Task goal :: From the first line to the last, copy the listing exactly and omit the pictures.

Recorded data ::
━━━━━━━━━━━━━━━━━━━━━━━━━━━━━━

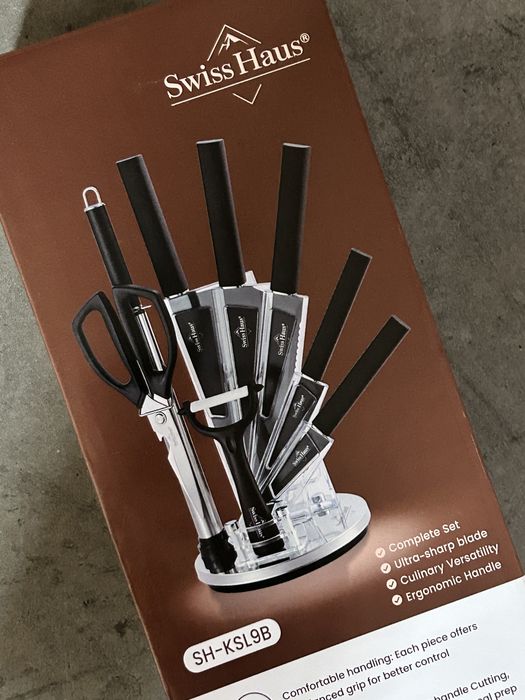 Set complet 9 piese cuțite bucătărie Swiss Haus Nou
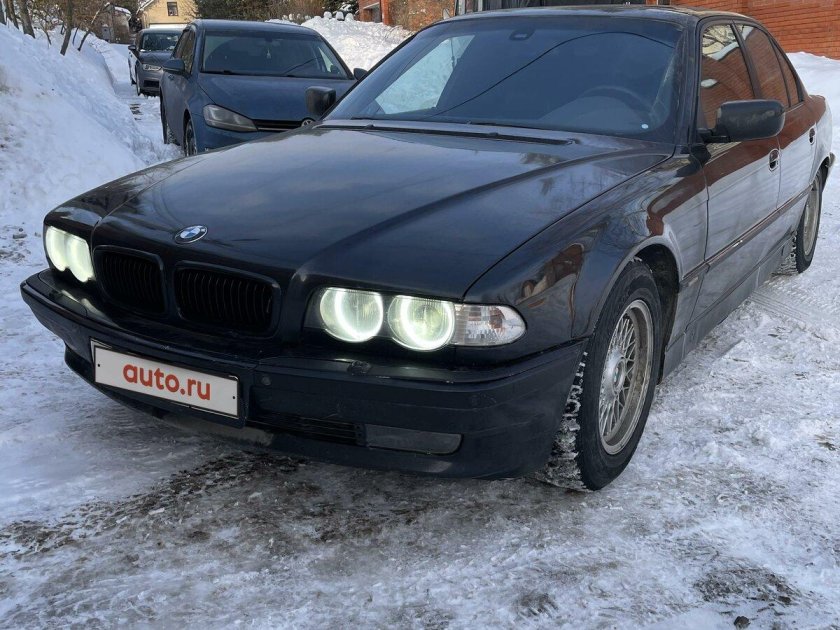 Бмв 7 2001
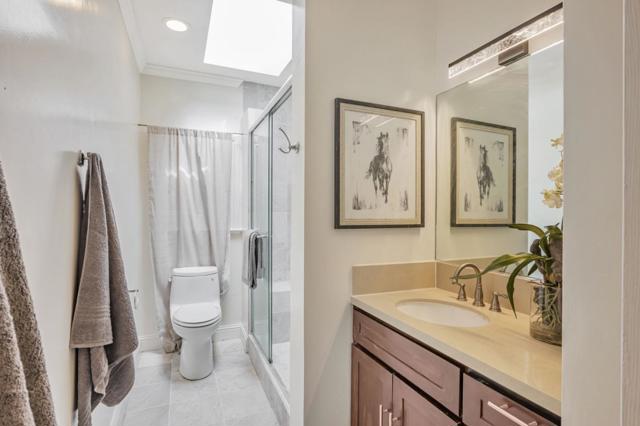2328 Le Conte Avenue, Berkeley CA: https://media.crmls.org/mediaz/f7fb9f61-33e5-4050-afb5-26fef20cc82e.jpg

━━━━━━━━━━━━━━━━━━━━━━━━━━━━━━

Result of this task ::
 Set complet 9 piese cuțite bucătărie Swiss Haus Nou
 Бмв 7 2001
2328 Le Conte Avenue, Berkeley CA: https://media.crmls.org/mediaz/f7fb9f61-33e5-4050-afb5-26fef20cc82e.jpg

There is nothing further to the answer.